- _Task instructions_:
Copy the lines running from the one that contains "日光市栃木縣龍宮峽彩虹瀑布(5月) 日光市栃木縣龍宮峽彩虹瀑布(5月) 41625611" to the end of the entries below, exactly and with no pictures.

= Beginning of Section =

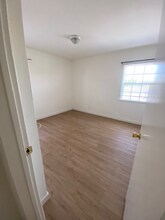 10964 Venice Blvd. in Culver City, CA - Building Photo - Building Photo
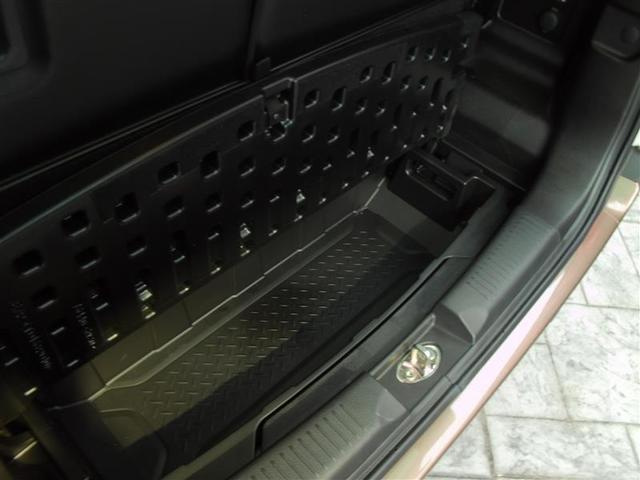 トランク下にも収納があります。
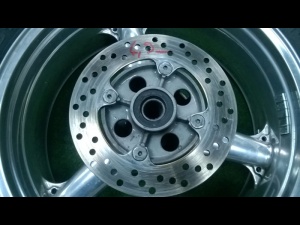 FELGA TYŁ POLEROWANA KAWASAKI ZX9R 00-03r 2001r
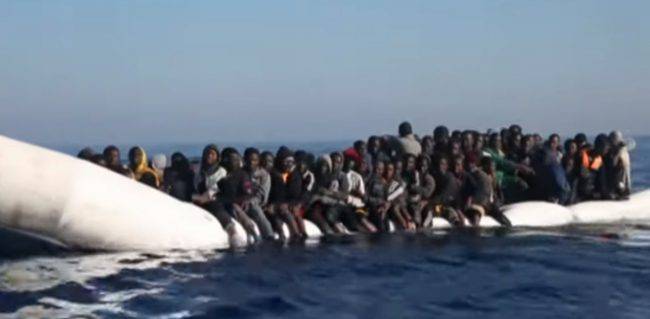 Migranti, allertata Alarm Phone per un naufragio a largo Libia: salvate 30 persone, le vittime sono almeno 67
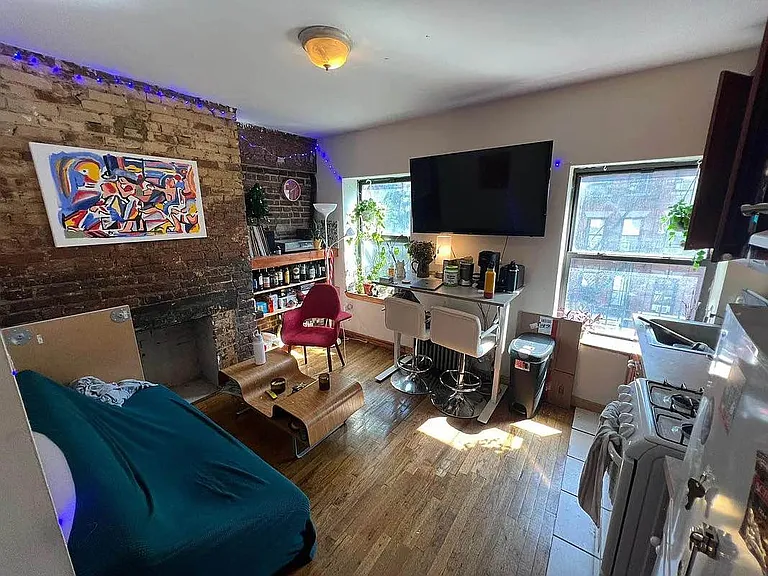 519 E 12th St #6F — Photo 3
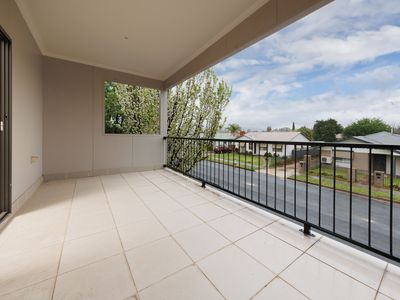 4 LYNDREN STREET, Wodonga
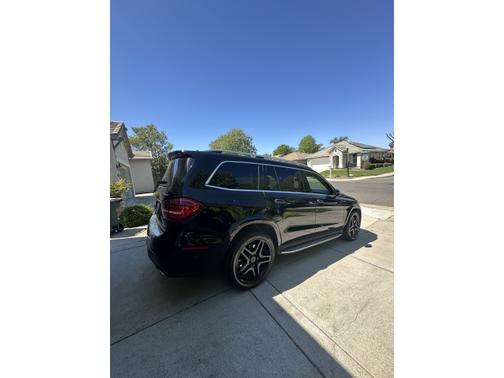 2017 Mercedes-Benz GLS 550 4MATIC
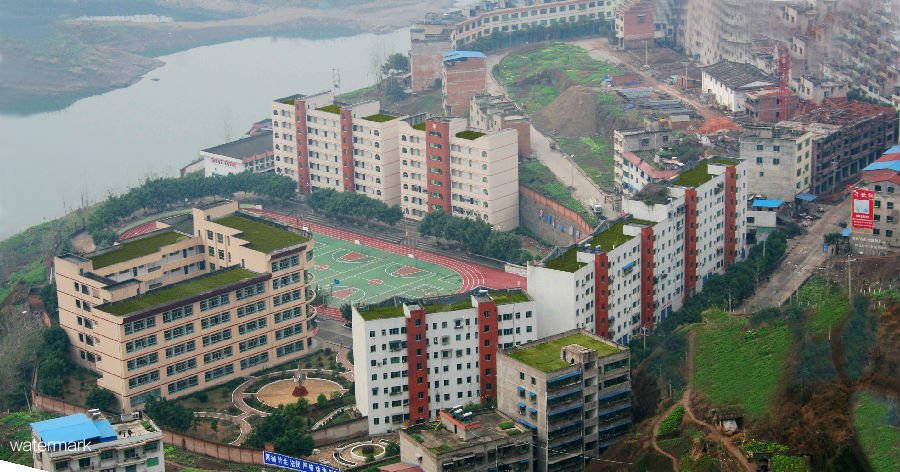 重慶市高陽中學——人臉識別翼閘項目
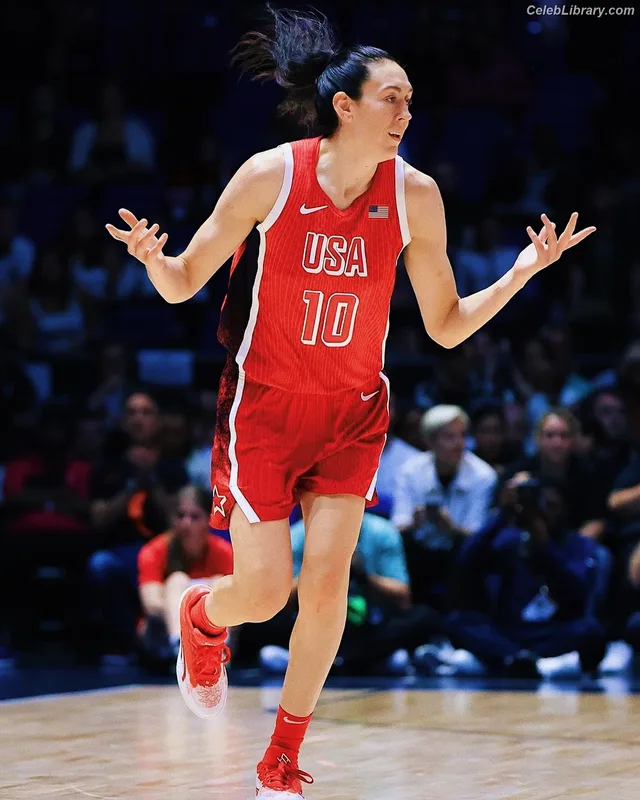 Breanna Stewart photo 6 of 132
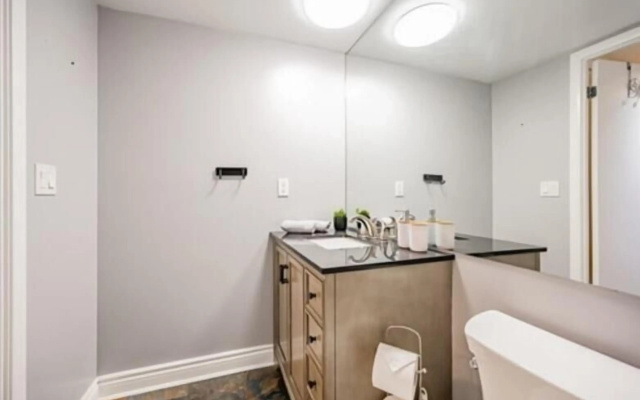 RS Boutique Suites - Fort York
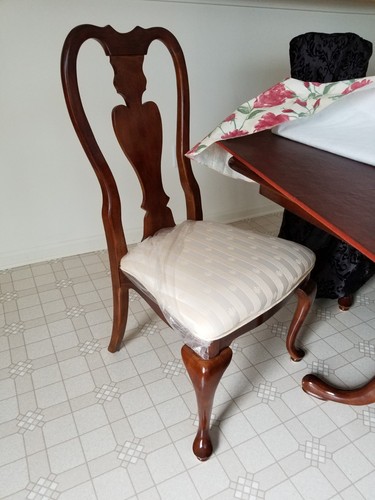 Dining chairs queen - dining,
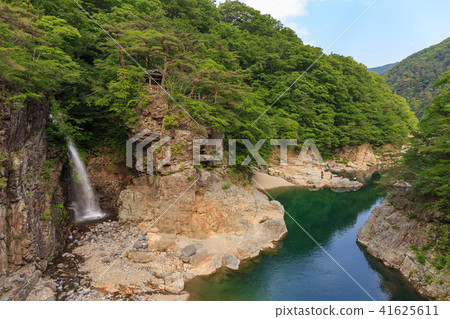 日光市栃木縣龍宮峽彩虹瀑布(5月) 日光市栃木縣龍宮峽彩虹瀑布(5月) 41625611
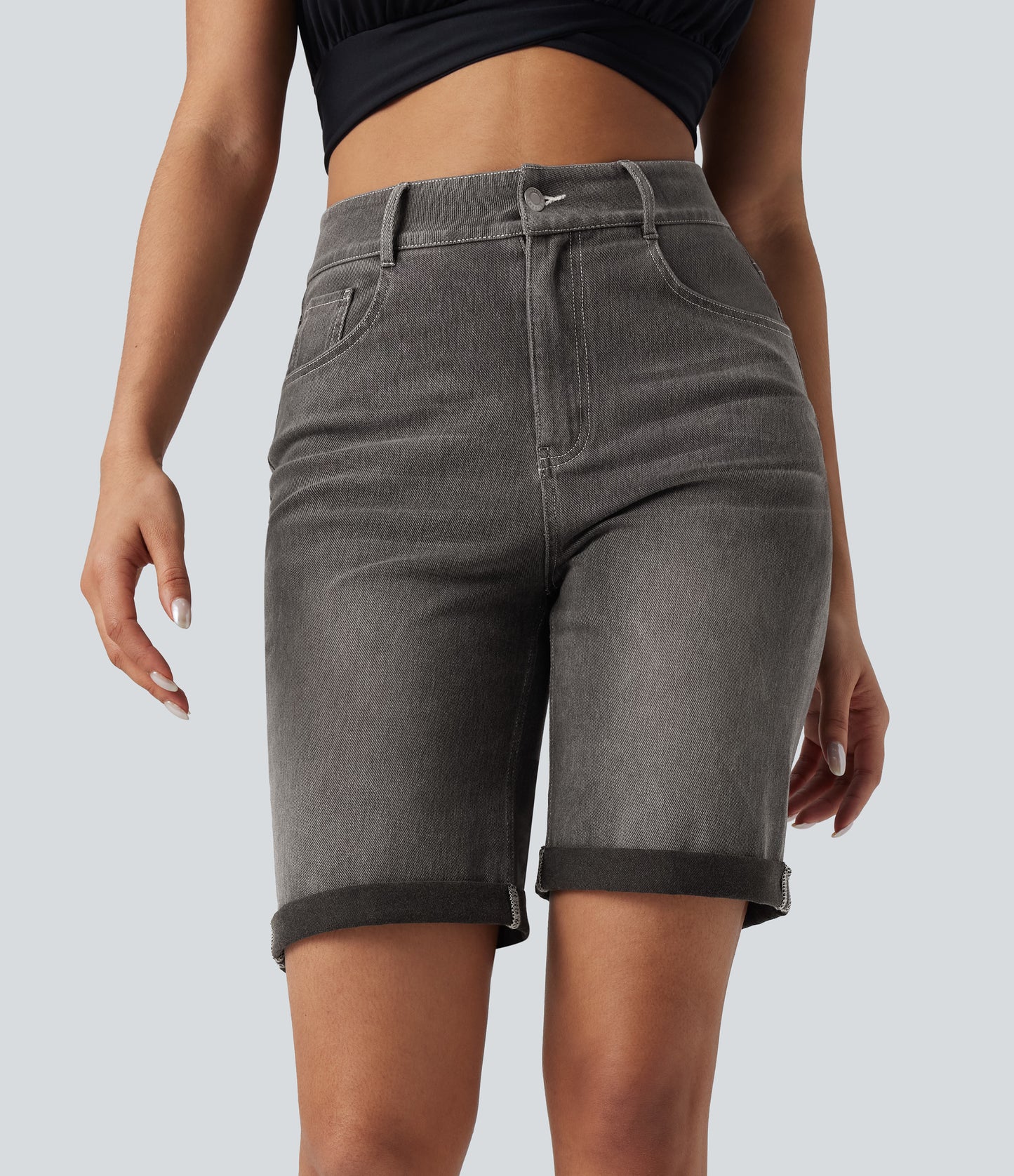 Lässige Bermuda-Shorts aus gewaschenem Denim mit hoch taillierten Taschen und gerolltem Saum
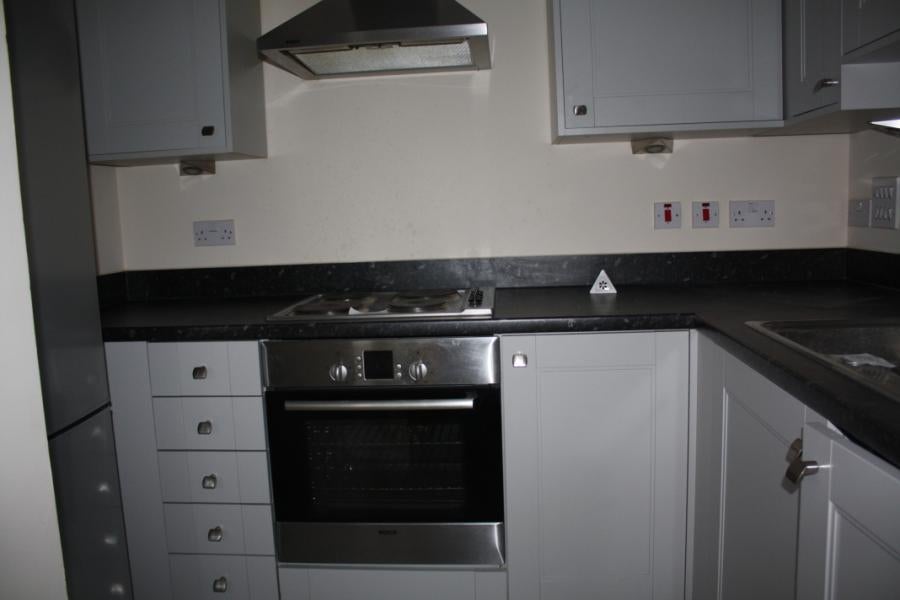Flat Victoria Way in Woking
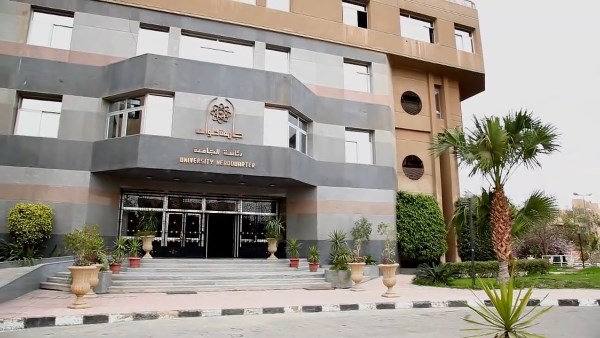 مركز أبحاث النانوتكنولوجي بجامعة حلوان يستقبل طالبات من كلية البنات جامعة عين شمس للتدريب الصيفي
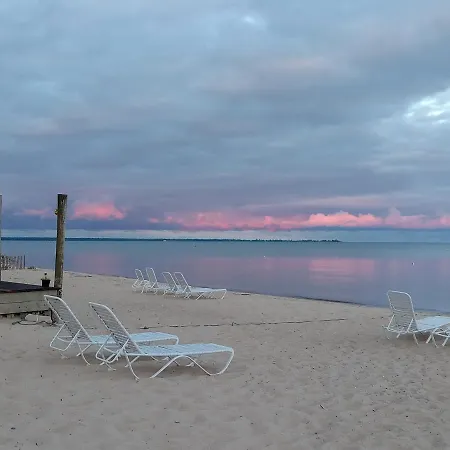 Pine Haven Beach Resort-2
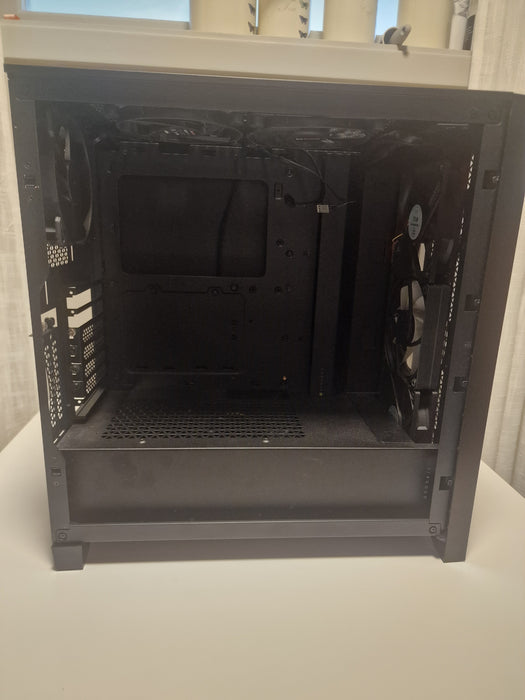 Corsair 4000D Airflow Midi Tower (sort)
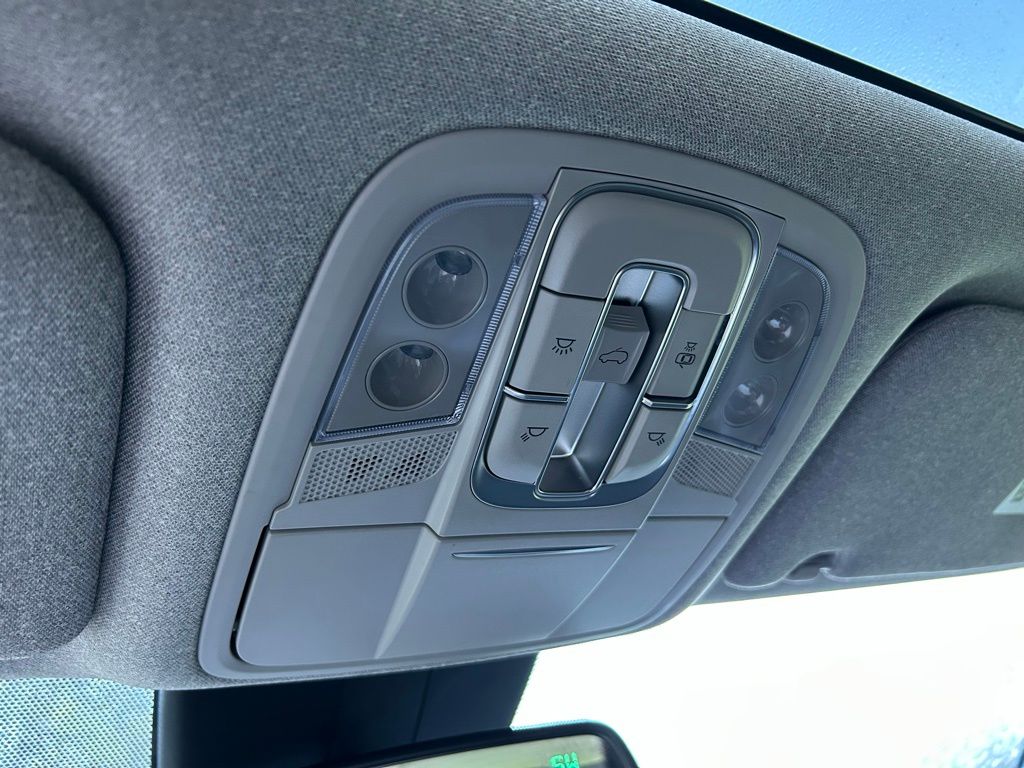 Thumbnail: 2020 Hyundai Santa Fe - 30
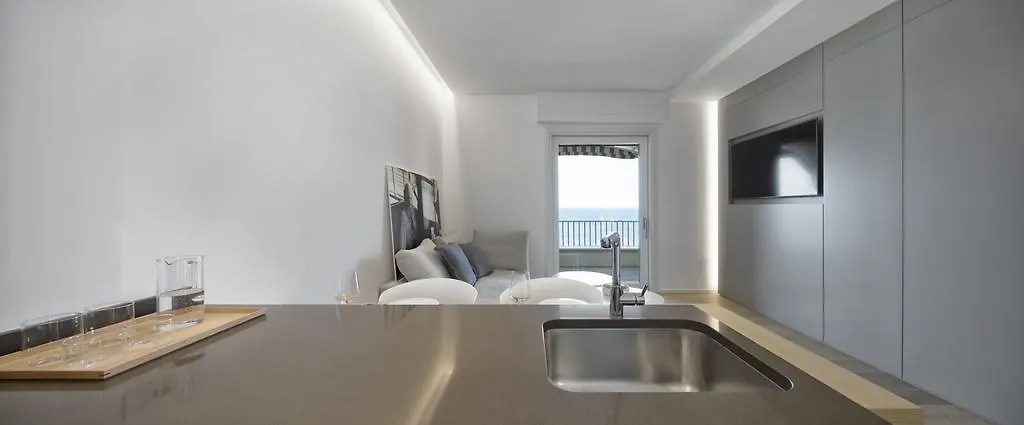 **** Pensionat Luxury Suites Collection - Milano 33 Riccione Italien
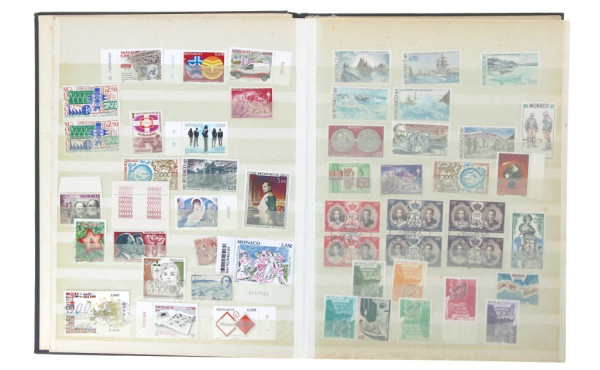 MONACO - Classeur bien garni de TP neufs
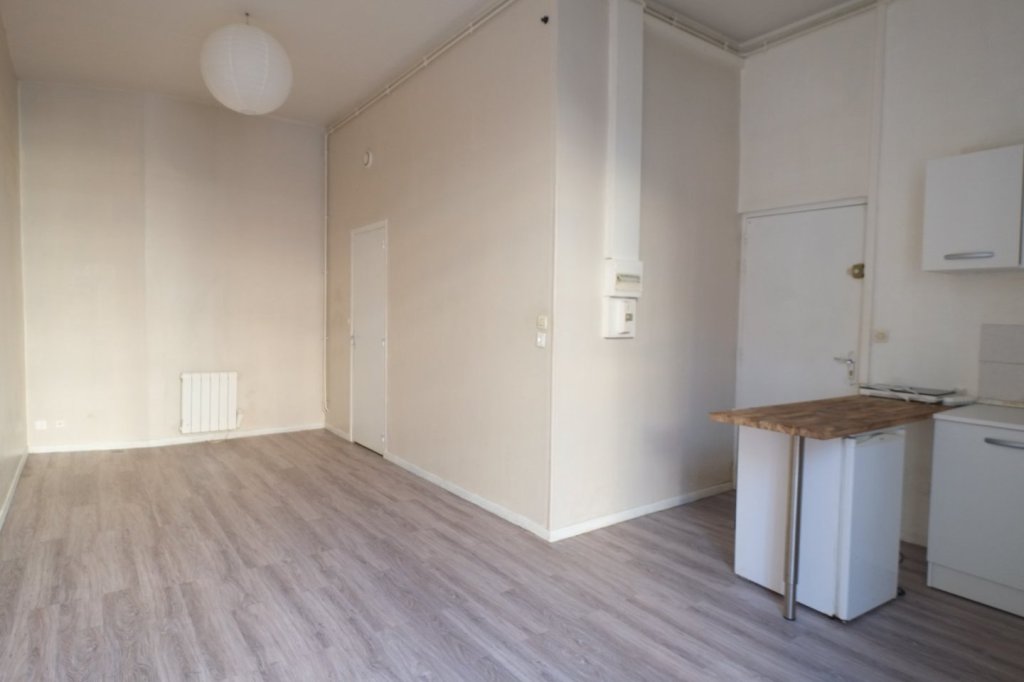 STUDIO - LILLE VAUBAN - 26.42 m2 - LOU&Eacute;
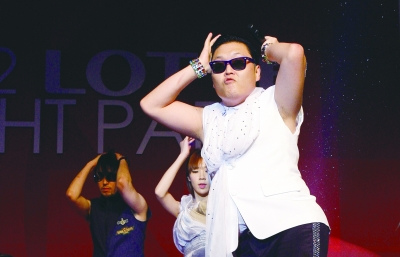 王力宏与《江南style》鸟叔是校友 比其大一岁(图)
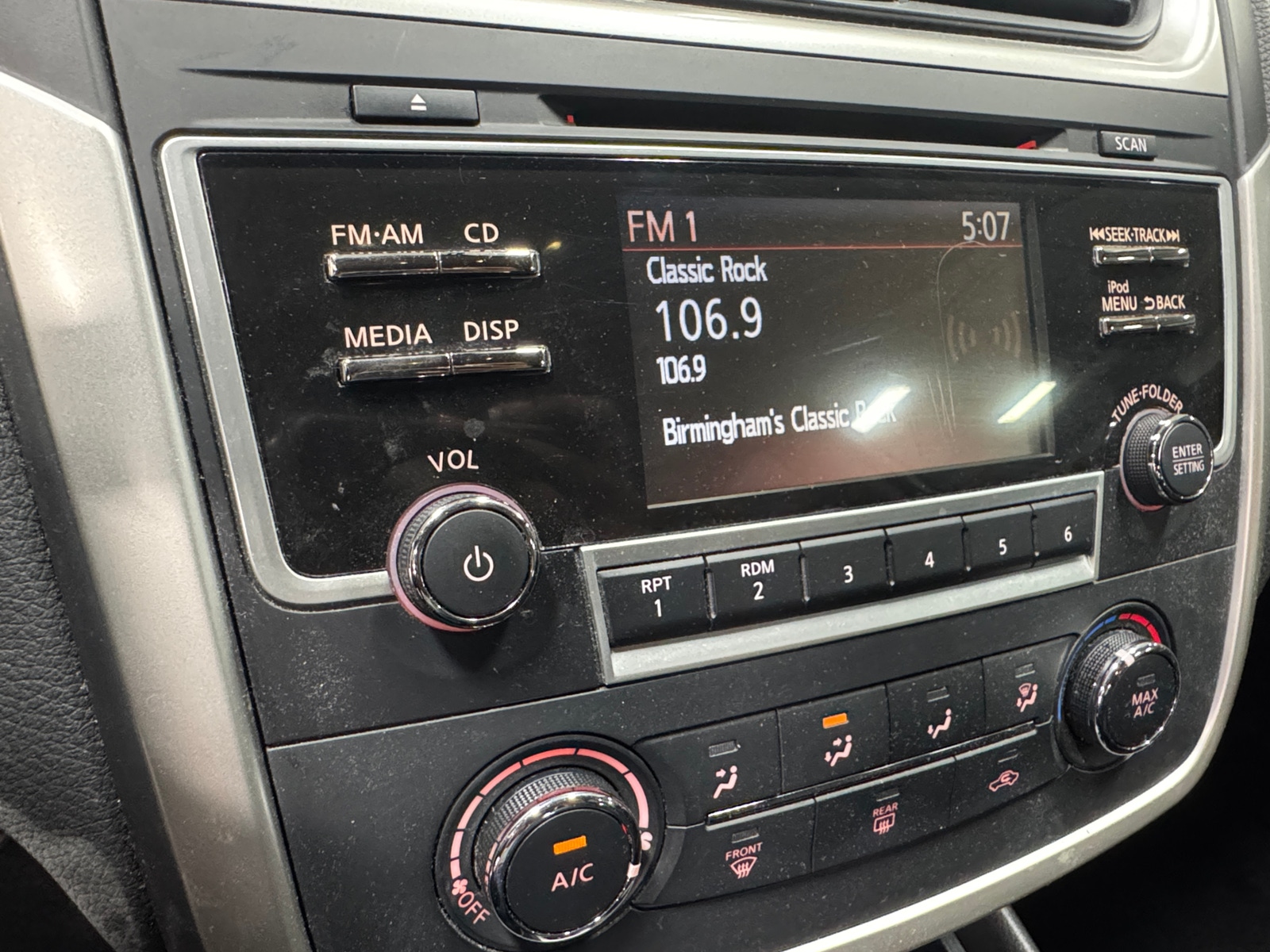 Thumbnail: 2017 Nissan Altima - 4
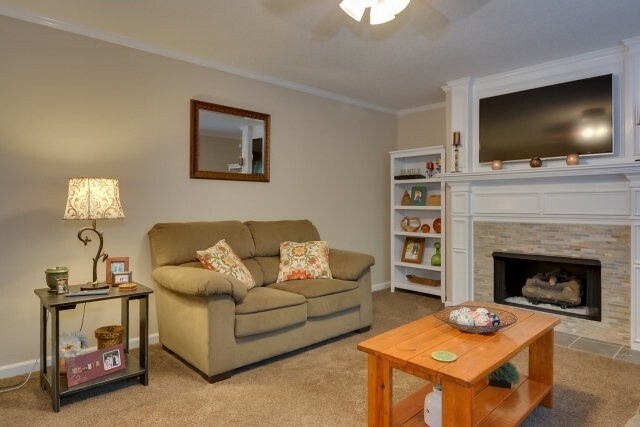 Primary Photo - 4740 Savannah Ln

= End of Section =

- _Your response_:
 日光市栃木縣龍宮峽彩虹瀑布(5月) 日光市栃木縣龍宮峽彩虹瀑布(5月) 41625611
 Lässige Bermuda-Shorts aus gewaschenem Denim mit hoch taillierten Taschen und gerolltem Saum
Flat Victoria Way in Woking
 مركز أبحاث النانوتكنولوجي بجامعة حلوان يستقبل طالبات من كلية البنات جامعة عين شمس للتدريب الصيفي
 Pine Haven Beach Resort-2
 Corsair 4000D Airflow Midi Tower (sort)
 Thumbnail: 2020 Hyundai Santa Fe - 30
 **** Pensionat Luxury Suites Collection - Milano 33 Riccione Italien
 MONACO - Classeur bien garni de TP neufs
 STUDIO - LILLE VAUBAN - 26.42 m2 - LOU&Eacute;
 王力宏与《江南style》鸟叔是校友 比其大一岁(图)
 Thumbnail: 2017 Nissan Altima - 4
 Primary Photo - 4740 Savannah Ln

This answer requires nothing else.